Context-free grammar (CFG)

Question

How do I generate a context free grammar for a language
$$\Sigma = \{0, 1\},\ L = \{1^i0^j1^k \mid i, j, k \geq 0\}$$
Thanks already

Answer 1

Denote our context free grammar by $G=(V, \Sigma, R, S)$ whereby $V=\{S,S_1, S_2, S_3\}$ is our set of variables, $S$ denotes the start variable and $\Sigma=\{0,1\}$ is our set of terminals.

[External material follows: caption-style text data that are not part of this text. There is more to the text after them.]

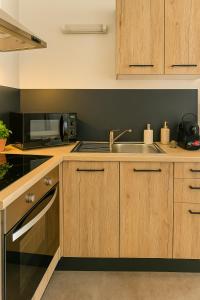 Appartements IDEAL Pro & Familles - Ambiance Nature - Cite des Affaires : photos des chambres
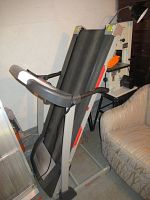 Side view of the treadmill folded upright showing the belt, frame, and handlebar design.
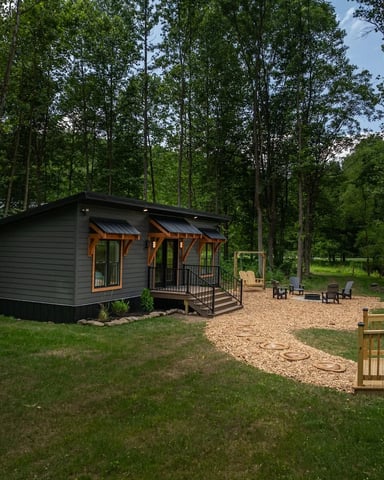 Modern black cabin with wooden porch nestled among tall trees, gravel patio with Adirondack chairs, wooden deck railing in foreground.
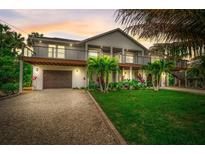 Beautifully landscaped home with a two-story design, balconies, and a well-maintained yard at 5708 Holmes Blvd, Holmes Beach, FL 34217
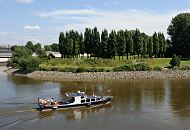 1455_3913 Ein Sportboot kommt aus der Richtung Billehafen und fhrt am Elbpark Entenwerder vorbei in die Norderelbe. Die Passagiere des Motorboots sitzen am Heck des Schiffs in der Sonne. 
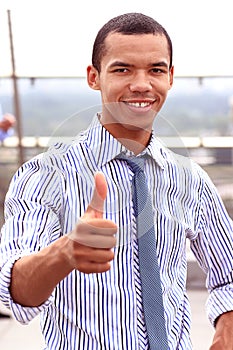 Smiling african businessman with thumbs up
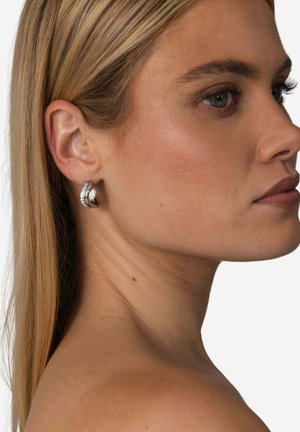 Silberfarbene Creolen mit verschlungenem Design, glatter Oberfläche und klaren Kristallen entlang einer Kante.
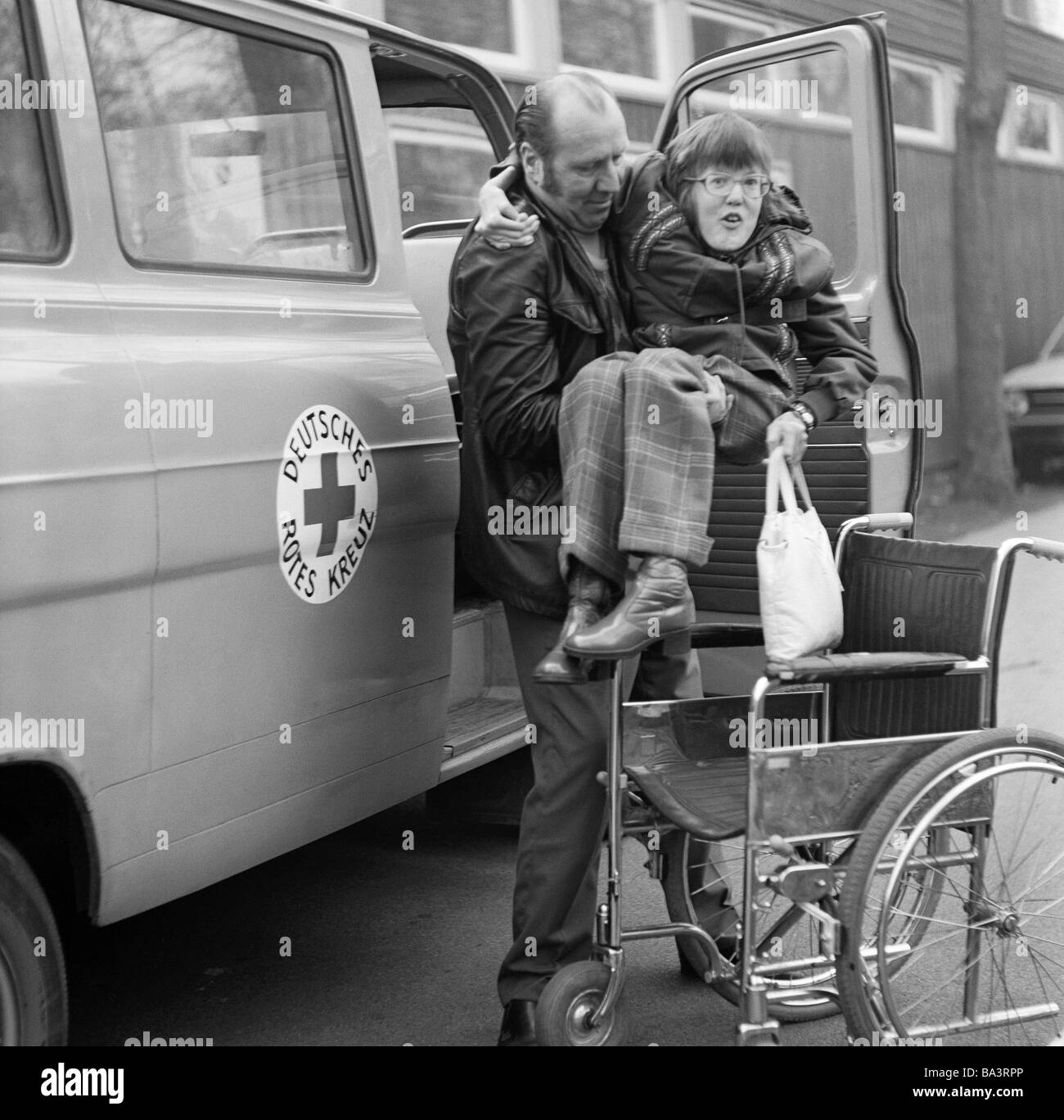 Helping the handicapped Black and White Stock Photos & Images - Alamy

Then our rules $R$ are given by \begin{alignat}{1}S &\to 1S_1\\\ S_1 &\to 1S_1\ |\ S_2\ \\ S_2 &\to 0S_2\ |\ S_3\ \\ S_3 &\to 1S_3\ |\ \epsilon \end{alignat}

We can generate the following words:

• $101$
• $1\cdots 01$
• $101\cdots$
• $10\cdots 1$
• $10 \cdots 1 \cdots$
• $1 \cdots 0 \cdots 1$
• $1 \cdots 0 \cdots 1 \cdots$

EDIT

The above grammar is only valid for the given language for $i,j,k >0$ as @rici correctly pointed out in the comments.

Here is the set of rules for $i,j,k \geq 0$ for the grammar $G=(V, \Sigma, R, S)$ with $V=\{S,S_1,S_2, S_3\}$.

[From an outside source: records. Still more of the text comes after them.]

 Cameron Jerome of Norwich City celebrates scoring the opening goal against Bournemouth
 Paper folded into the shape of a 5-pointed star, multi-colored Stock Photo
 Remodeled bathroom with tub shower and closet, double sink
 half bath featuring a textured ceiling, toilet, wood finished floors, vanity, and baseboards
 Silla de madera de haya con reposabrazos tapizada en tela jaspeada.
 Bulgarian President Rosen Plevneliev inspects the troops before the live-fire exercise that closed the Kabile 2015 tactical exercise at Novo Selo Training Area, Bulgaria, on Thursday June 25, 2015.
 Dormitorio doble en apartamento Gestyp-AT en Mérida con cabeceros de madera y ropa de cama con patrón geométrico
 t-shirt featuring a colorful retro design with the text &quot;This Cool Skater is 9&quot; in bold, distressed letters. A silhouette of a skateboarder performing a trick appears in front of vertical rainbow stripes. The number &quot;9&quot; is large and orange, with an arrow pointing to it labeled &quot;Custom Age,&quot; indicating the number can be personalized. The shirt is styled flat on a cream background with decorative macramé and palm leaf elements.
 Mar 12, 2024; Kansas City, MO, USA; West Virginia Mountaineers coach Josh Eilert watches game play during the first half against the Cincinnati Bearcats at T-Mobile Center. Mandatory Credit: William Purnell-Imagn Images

\begin{alignat}{1}S &\to S_1\ |\ S_2\\\ S_1 &\to 0S_1\ |\ S_3\ |\ \epsilon\ \\ S_2 &\to 1S_2\ |\ S_1\ |\ \epsilon \\ S_3 &\to 1S_3\ |\ \epsilon \end{alignat}

This can generate the following words:

• $\epsilon$ (if $i=j=k=0$)
• $1$
• $0$
• $1\cdots$
• $0\cdots$
• $0\cdots 1 \cdots$
• $1\cdots 0 \cdots$
• $1\cdots 0 \cdots 1 \cdots$

Note: with $\cdots$ I mean zero or more repitions.